The changes noted in body weight gain in males and females were within the range expected for rats used in this type of study and were therefore considered not indicative of toxicity.

Gross pathology:

No abnormalities were found at macroscopic post mortem examination of the animals .

Interpretation of results:

not classified

Remarks:

Migrated information Criteria used for interpretation of results: EU

Conclusions:

The results obtained with the substance Blown linseed oil are suitable for the regulatory purpose of REACH for the substance Blown castor oil: LD50 dermal (rat): >2000 mg/kg body weight.

Endpoint conclusion

Endpoint conclusion:

no adverse effect observed

Additional information

Acute toxicity studies are available for the oral and dermal route. Exposure via inhalation is unlikely taking into account the vapour pressure of the substance.

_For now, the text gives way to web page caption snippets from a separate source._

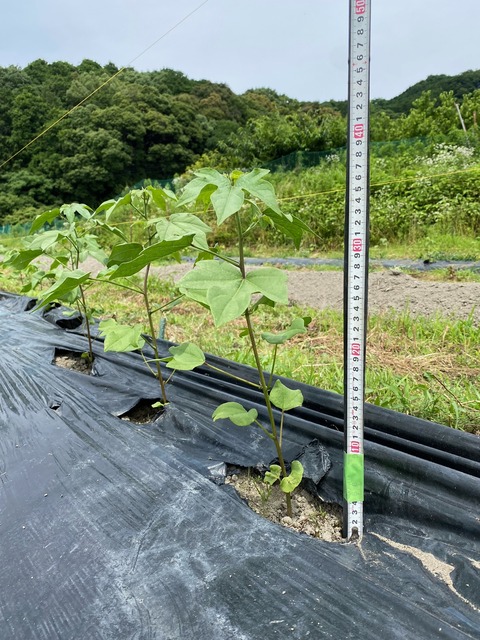 5号アプランドの背丈image0 - 2023-06-26T055159.611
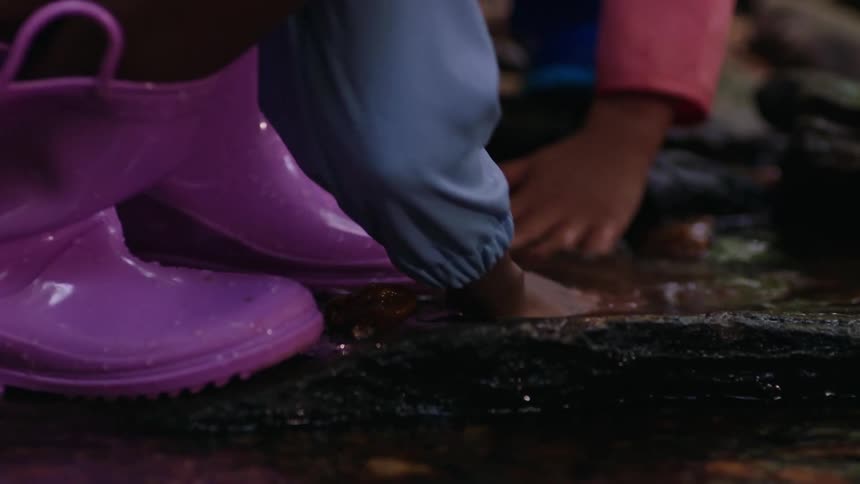 Two children wearing boots and picking up rocks from a small stream in the woods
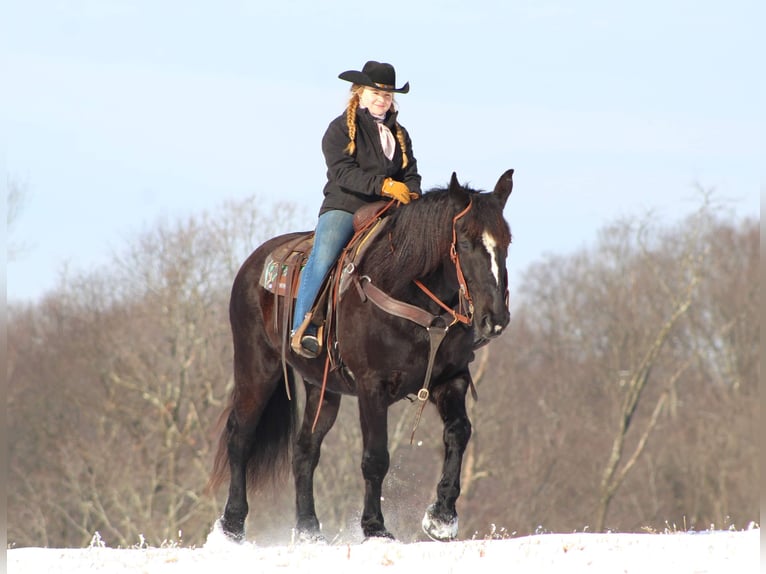 Draft Horse Mix Gelding 7 years 15,2 hh Black in Shippenville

An acute oral toxicity test in rats was performed according to the fixed-dose procedure (OECD 420). Following a sighting test at a dose level of 2000mg/kg bw, an additional four fasted female animals were administered a single oral dose of test item (Castor oil, oxidized), as a solution in arachis oil BP, at a dose level of 2000 mg/kg bw. Clinical signs and bodyweight development were monitored during the study and all animals were subjected to gross necropsy.

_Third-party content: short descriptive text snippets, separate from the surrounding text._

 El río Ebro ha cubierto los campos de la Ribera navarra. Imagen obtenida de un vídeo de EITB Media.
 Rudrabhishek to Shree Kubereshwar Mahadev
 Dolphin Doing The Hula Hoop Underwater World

No mortality was noted and no signs of systemic toxicity. No abnormalities were noted at necropsy. The oral LD50 of the test item in the female Wistar strain rat was estimated to be greater than 2000 mg/kg bw under the conditions of this study.

An acute dermal toxicity test in rats was performed according to OECD402, with read across substance Blown linseed oil. 5 Rats were exposed to 2000 mg/kg of the test substance for 24h under occlusion. Mortality, body weight, and clinical signsy were observed up till 14 days after exposure. Furthermore, necropsy of the survivors was performed at the end of the observation period.

No mortality was noted and no signs of systemic toxicity. No abnormalities were noted at necropsy. The results obtained with the substance Blown linseed oil are suitable for the regulatory purpose of REACH for the substance Blown castor oil, therefore an LD50 dermal (rat) >2000 mg/kg body weight is applicable.

Justification for selection of acute toxicity – oral endpoint
The selected study is the key and only study for this endpoint.

Justification for classification or non-classification

Based on the available information, Blown castor oil does not need to be classified as acute toxic via the oral and dermal route in accordance with the classification criteria outlined in Annex VI of 67/548/EEC and Annex I of 1272/2008/EC.